In all, shareholders of Albertson's, Boise , Idaho , would receive $26 a share, comprised of $20.25 in cash and the rest in Supervalu stock. The price represents about a 25% premium from the level at which Albertson's shares traded before it went on the auction block in September. After the transaction, Albertson's shareholders would own about one-third of Supervalu.

Representatives for Albertson's and CVS did not return calls seeking comment. A Supervalu spokeswoman declined to comment.

A deal would turn Supervalu, currently the nation's eighth-largest food seller by revenue, into a much stronger supermarket player. The company operates traditional stores under the Cub banner and has a growing group of deep-discount stores under the Save-A-Lot name that mostly target poor areas.

Until recently, supermarkets had long dominated the food-selling business, luring customers to prime locations with weekly specials. But in the 1990s Wal-Mart Stores Inc. began aggressively pushing into fresh groceries by blanketing the country with its supercenters. Its stores offer prices that are as much as 30% less than traditional supermarkets and fluctuate less from week to week. Such bargains persuaded shoppers to travel longer distances in search of deals. In 2001 Wal-Mart displaced Kroger Co. as the nation's largest food seller.

Initially, supermarket chains such as Albertson's responded by buying up smaller rivals. But scale hasn't been enough to compete against Wal-Mart and its low prices. Efforts to stem losses of market share, from sprucing up meat and produce departments to cutting costs, haven't worked.

With fewer traditional markets around, those shoppers that use them now drive about seven minutes to get to a traditional grocery store-almost twice as long as in 1982, according to Buxton, a customer-analytics company in Fort Worth , Texas , that tracks trade areas for retailers.

Aside from select groups of stores, rival grocers aren't likely to show strong interest in buying Albertson's outlets and keep them open as supermarkets. Recent grocery-store auctions have yielded little interest. When Winn-Dixie Stores Inc. put 326 stores up for sale this summer, only 81 were bought as continuing grocery stores.

An Albertson's deal also is likely to spark job losses in an industry fighting to retain its premium wages and generous health-care benefits. Labor laws may leave some room for new owners to renegotiate worker contracts. Major grocery chains have made lowering labor costs one of their top priorities, and have already enjoyed some recent success in persuading workers to pay more for their health care and move up the wage ladder at a slower pace.

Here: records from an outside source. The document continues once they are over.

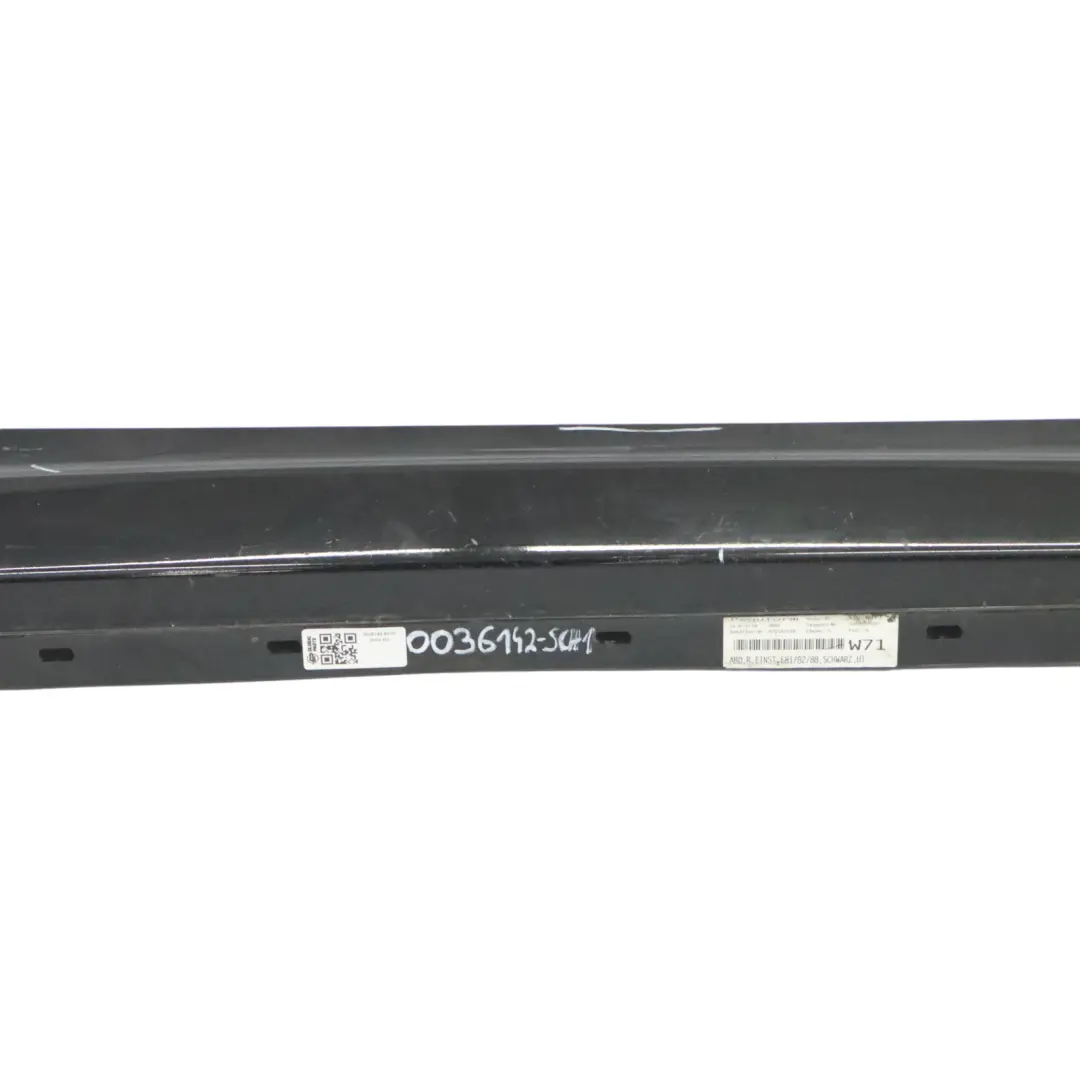 Door Sill Strip BMW E81 E82 E88 Side Skirt Right O/S Black - 668 to with Part number 0036142 Door Sill Strip BMW E81 E82 E88 Side Skirt Right O/S Black - 668 - SKU 0036142-SCH1 - Part number 0036142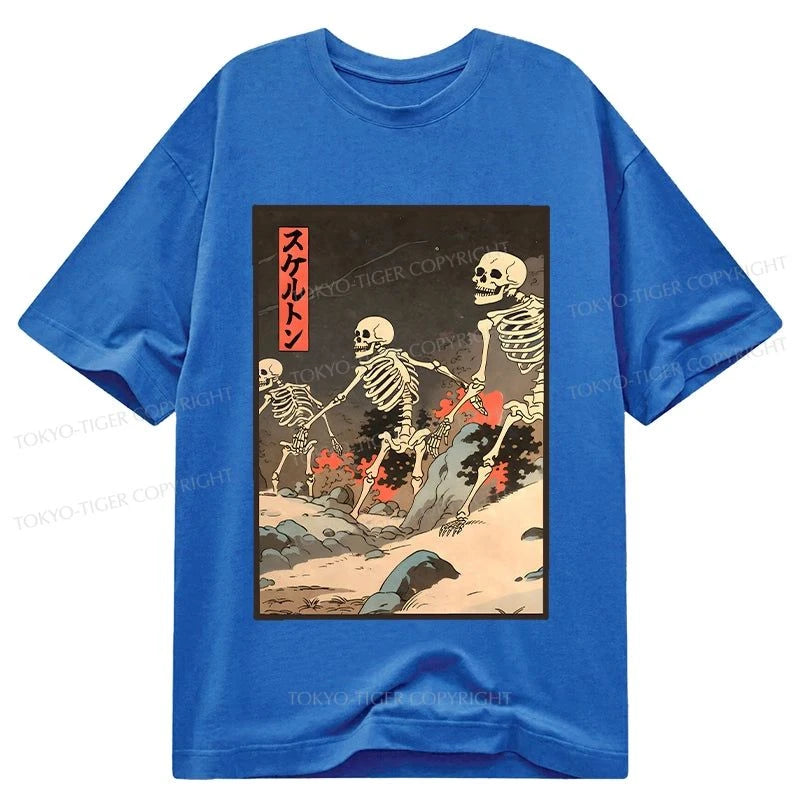 Tokyo-Tiger Japanese Rising Skeletons Classic T-Shirt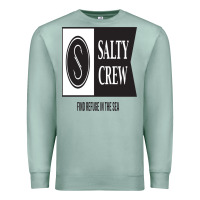 Seafoam salty crew Premium Sweatshirt - linhVisuals
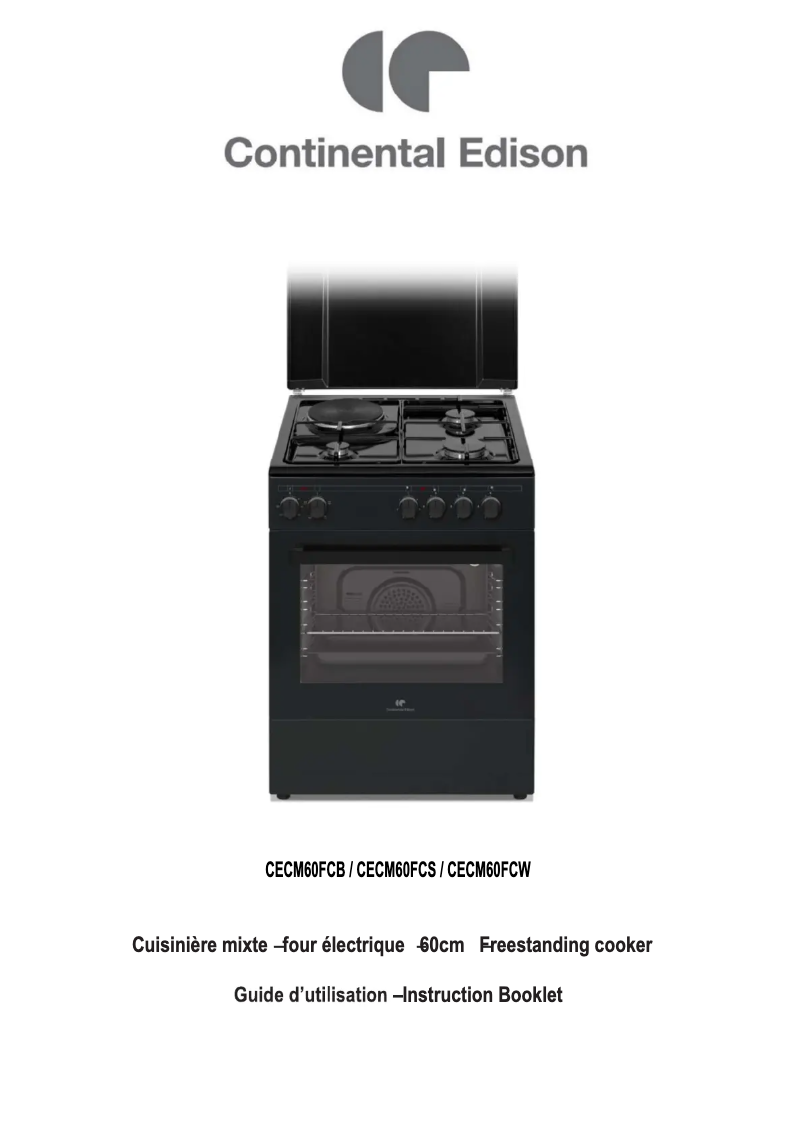 Imagen de la primera página del manual del dispositivo CECM60FCW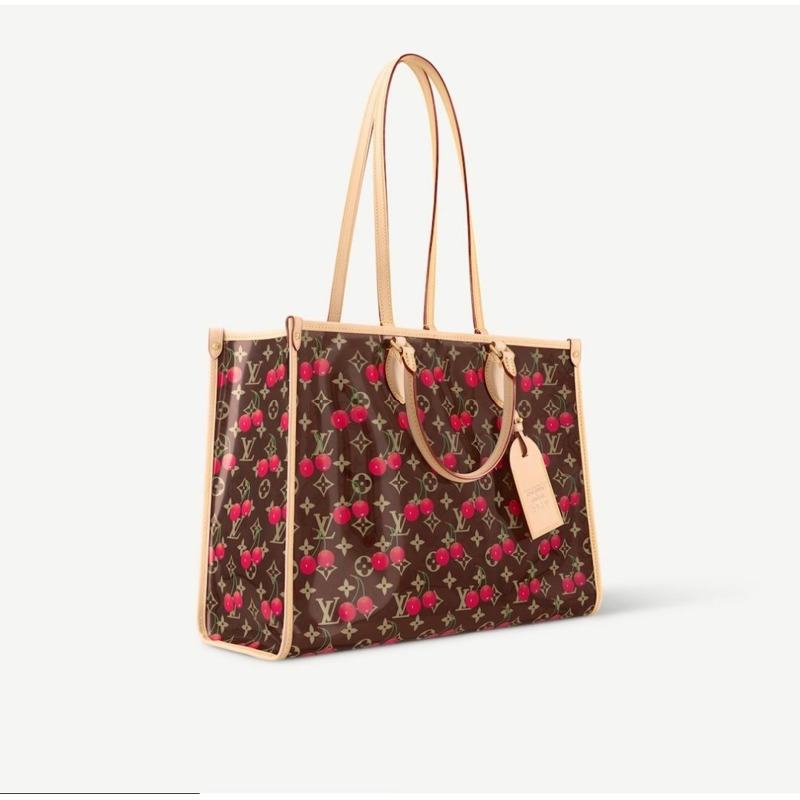 LOUIS VUITTON 村上櫻桃隨行 GM 手提包 大手提包 手提袋 方形包 m14306-0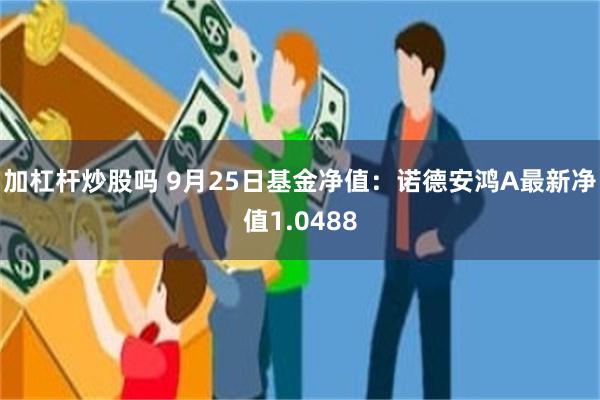 加杠杆炒股吗 9月25日基金净值：诺德安鸿A最新净值1.0488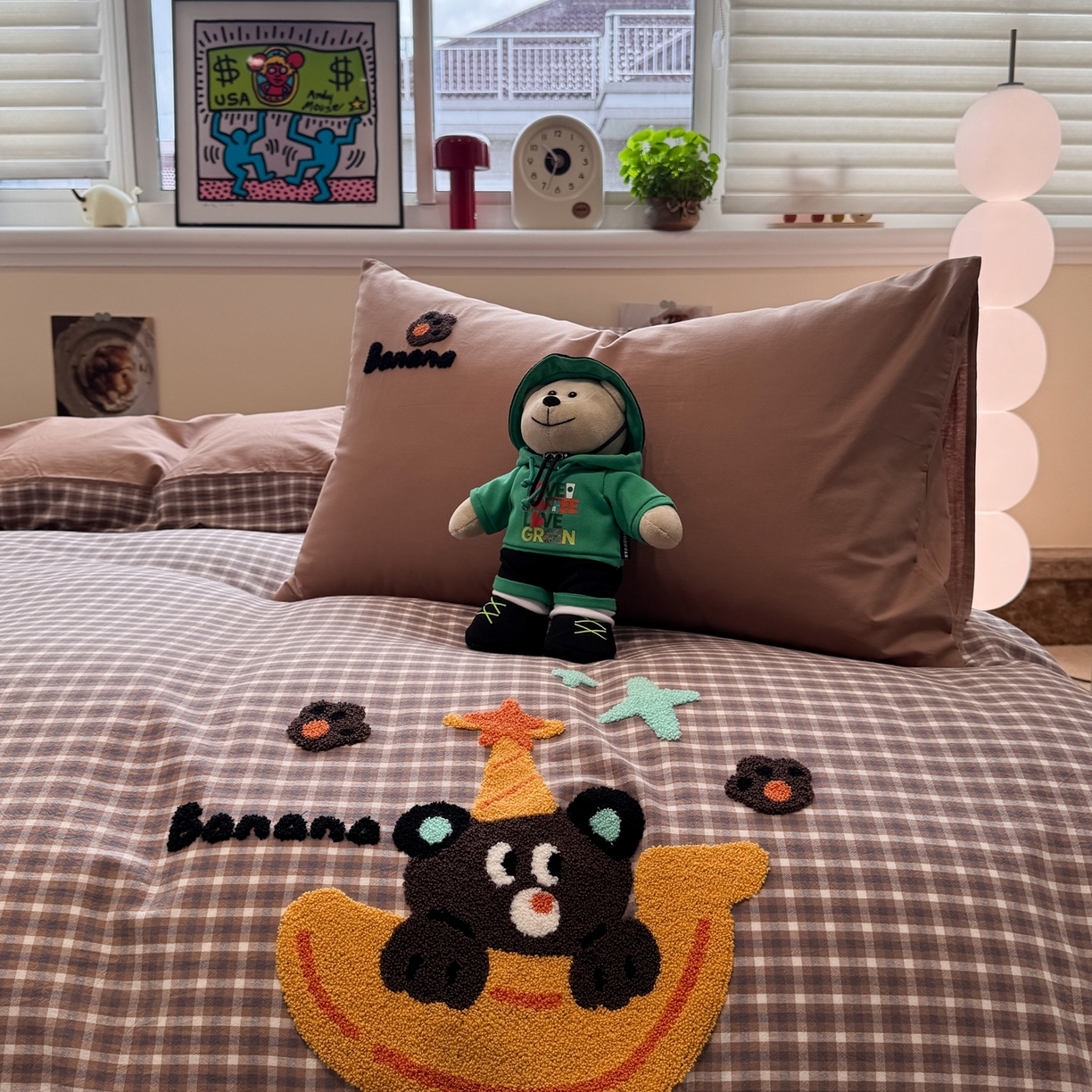 91家纺网 家纺一手货源 找家纺 珺柔家纺 2026新款水洗棉毛巾绣四件套 巧克力小熊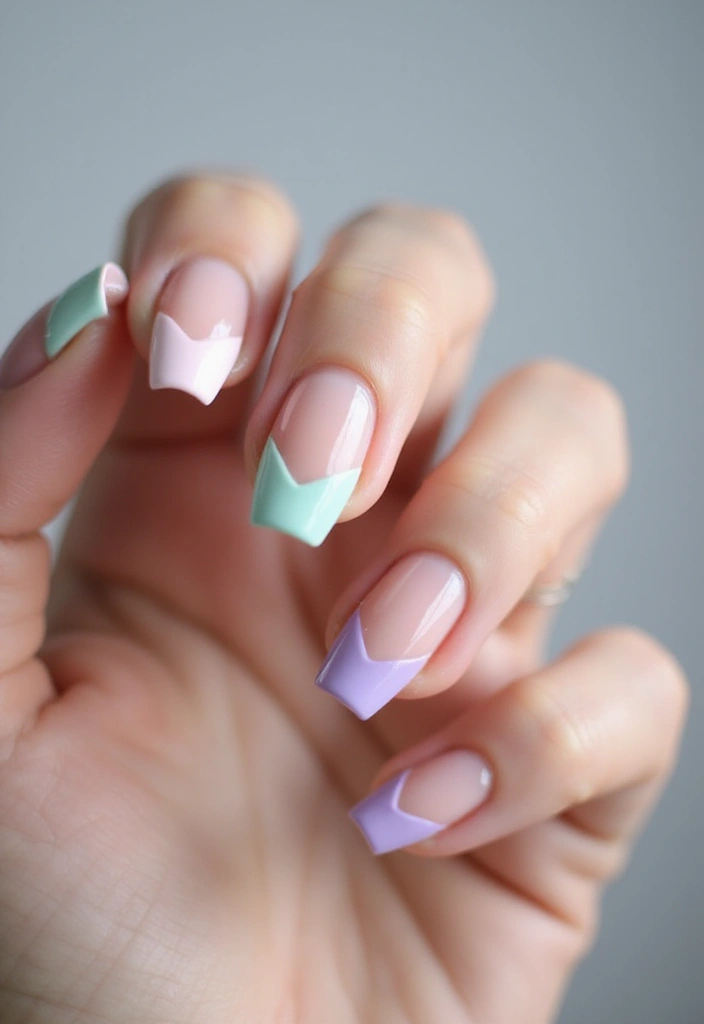 30 Coffin Nails Short – Stylish & Practical for Daily Wear - 9. Chic French Tips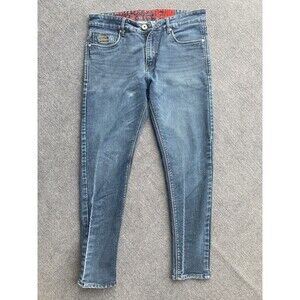 Superdry Men’s Jeans 03 TYLER Slim Fit Blue Stretch Denim Zip Fly - W36 L34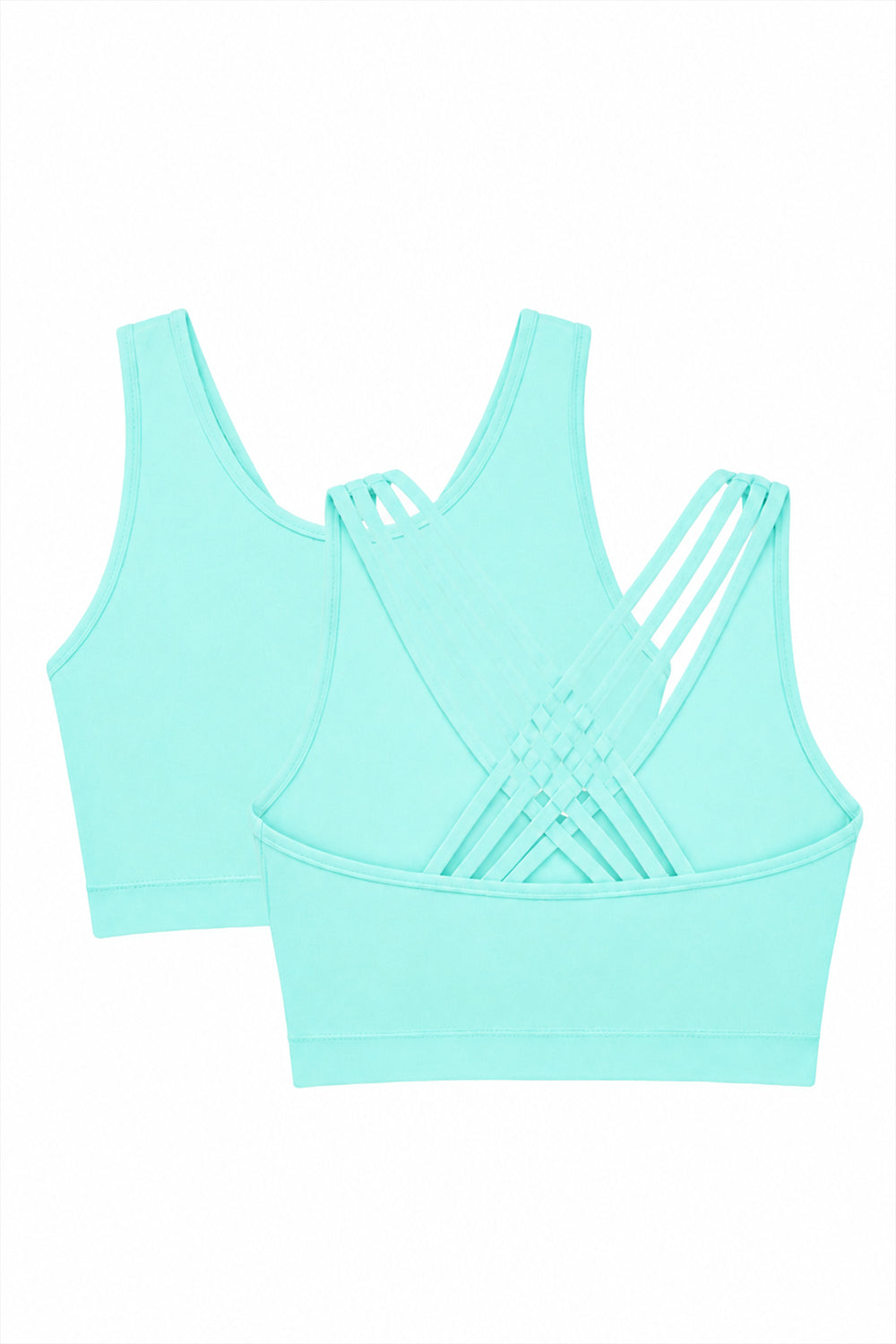 2-Pack CoreFit Racerback Sports Bra - Beachglass/Atmosphere (Style 32678) Apparel & Accessories > Activewear > Sports Bras > Multi-Packs by Profit Outfits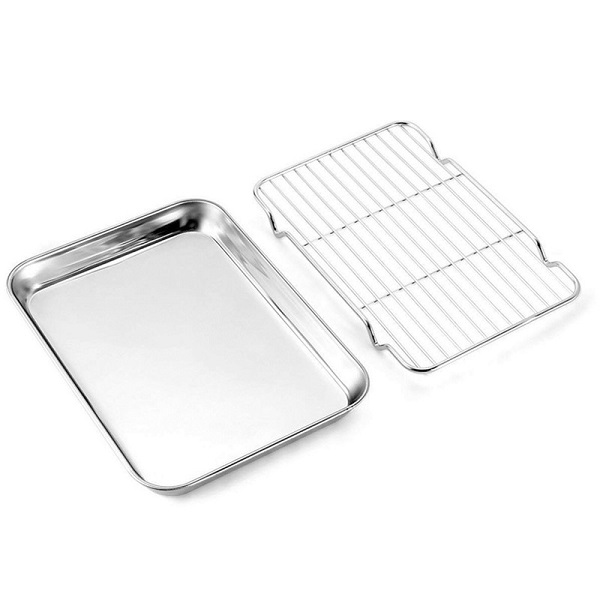 201/304 رف التبريد الفولاذ المقاوم للصدأ مع صينية الخبز- TSCR03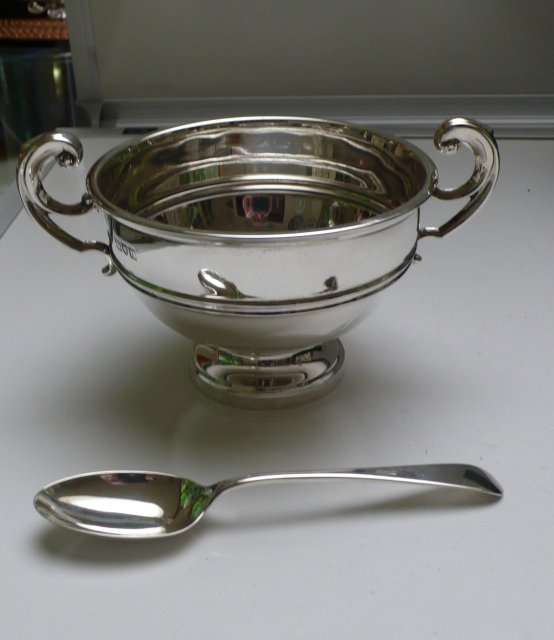 English Silver Christening Set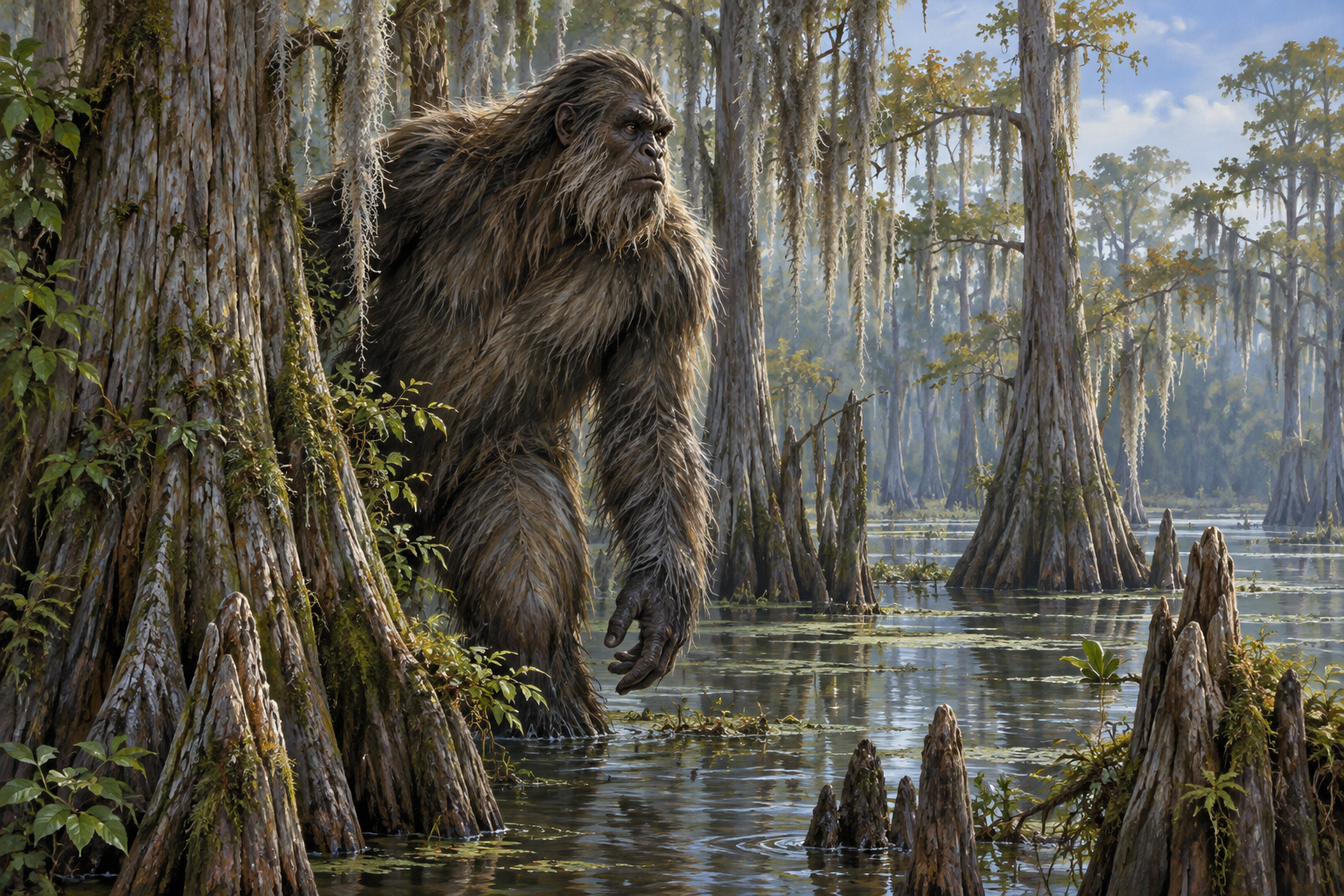 ハニーアイランド・スワンプ・モンスターの特徴を描いた挿絵
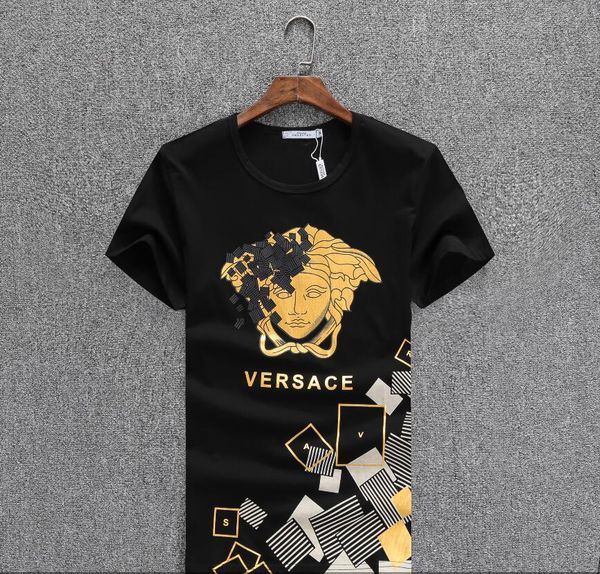 

2020 casual brand men's letter print hip hop streetwear tee shirts for summer men pullover t-shirt short sleeve cotton #68 t-shirt g46, White;black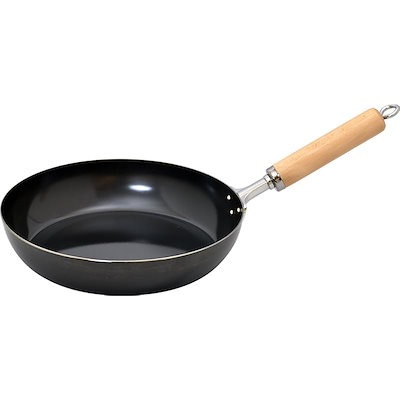 他サイト： 【即納】和平フレイズ 燕三条 黒皮鉄 フライパン 26cm IH対応 ガス 木のハンドル 日本製 厳選素材 GR-9748の商品画像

The main grocery union, the United Food and Commercial Workers, could dodge many of the job losses because it doesn't represent workers at Albertson's most struggling divisions. Still, a big wave of cuts would come at a bad time for the union. It lost clout after failing to win better health-care benefits after workers in Southern California engaged in a more-than-four-month labor battle that ended last year.

Workers already are starting to worry. "That's going to hurt," said Mario Torres, who stocks shelves, answers phones and cleans bathrooms at a Jewel store in Chicago . Mr. Torres, 40 years old, said he is trying to save money to buy a house in the neighborhood near the store, where he has lived his entire life, and wants to start setting money aside for his retirement.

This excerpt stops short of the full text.